The new strategy suggests a growing pressure on the profit margins of these manufacturers, making it unsustainable to continue absorbing the full cost of the tariffs. 

This could lead to an increase in the retail prices of Japanese-made vehicles in the United States, potentially impacting consumer demand and the overall market share of these brands. 

The report did not specify which particular tariffs are driving this change, but it is understood to be a direct consequence of the ongoing trade policies and duties imposed by the US government on imported goods.

In April, Japan faced a significant economic challenge as the United States imposed a substantial 25% tariff on imported automobiles. 

This move, part of broader trade negotiations, created considerable concern within the Japanese automotive industry, a cornerstone of its economy. 

The tariffs were intended to address trade imbalances and encourage domestic production in the US However, intense diplomatic efforts and negotiations between the two nations led to a breakthrough. 

Diplomatic resolution

On July 22, a deal was successfully reached with the Trump administration, resulting in a reduction of the tariff rate from 25% to a more manageable 15%. 

This agreement provided a measure of relief to Japanese car manufacturers and their supply chains, mitigating some of the initial economic pressures and helping to stabilise trade relations between the two major global economies.

Toyota, Japan’s largest automaker, clarified to CNBC on Thursday that its US affiliate’s July price hike was a standard annual adjustment reflecting increased operational costs, not a reaction to tariffs or anticipated increases.

“We have said that we would observe the situation concerning the tariffs as governments were still negotiating then, but our general stance was not to increase prices to avoid making our cars unaffordable for the customers waiting for their vehicles,” the company added.

Mitigation strategies

In June, Reuters reported on Toyota’s intention to raise prices by an average of $270 in July. However, a Toyota spokesperson at the time denied that these increases were a direct consequence of US tariffs.

Toyota estimated the impact of US tariffs to be 450 billion yen ($3.03 billion) in the first quarter ended June 2025. 

The company projected a full-year impact of 1.4 trillion yen, considering the US-Japan trade deal.
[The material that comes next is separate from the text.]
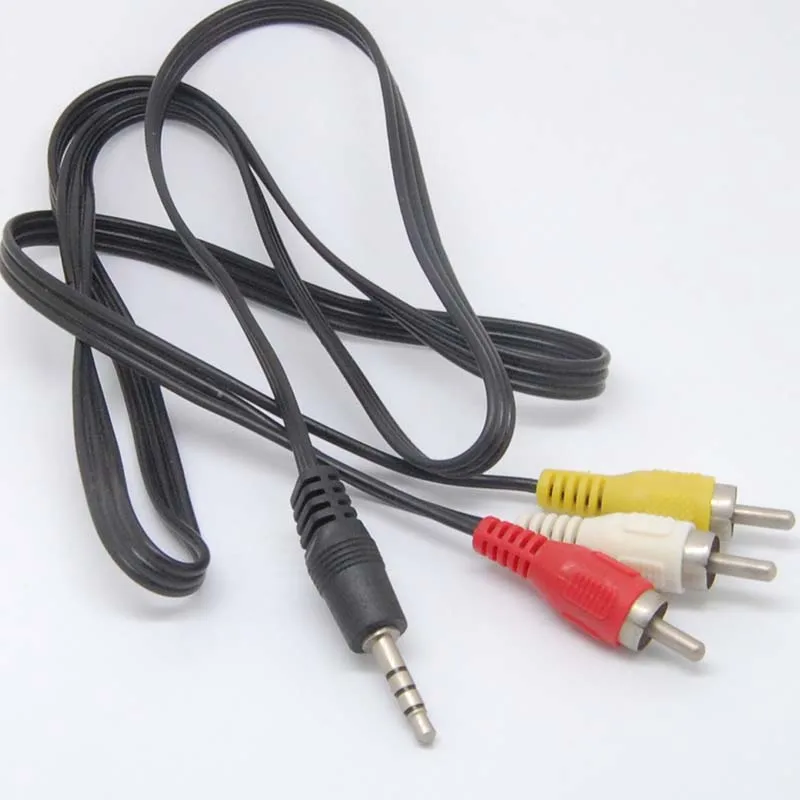 10 قطعة 3.5 مللي متر إلى 3 RCA AV A/V التلفزيون الفيديو وصلة كابل ل MP3 MP4 PMP مشغل الوسائط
According to the report, Honda said it has successfully avoided directly passing on tariff costs to its products. The company attributed this to having more vehicles on Cars.com’s American-Made Index Top 20 than any other brand.

The index assesses how “American” a prospective car or truck is, considering factors like the final assembly location and the percentage of US and Canadian parts.

Honda said:

Any price changes for the 2026 Honda models now on sale are tied to added feature content that enhances value for the customer and boosts the competitiveness of our products.

Nissan stated that US tariffs have not led to price increases. The company is maximizing the use of its US production to counteract the effects of these tariffs.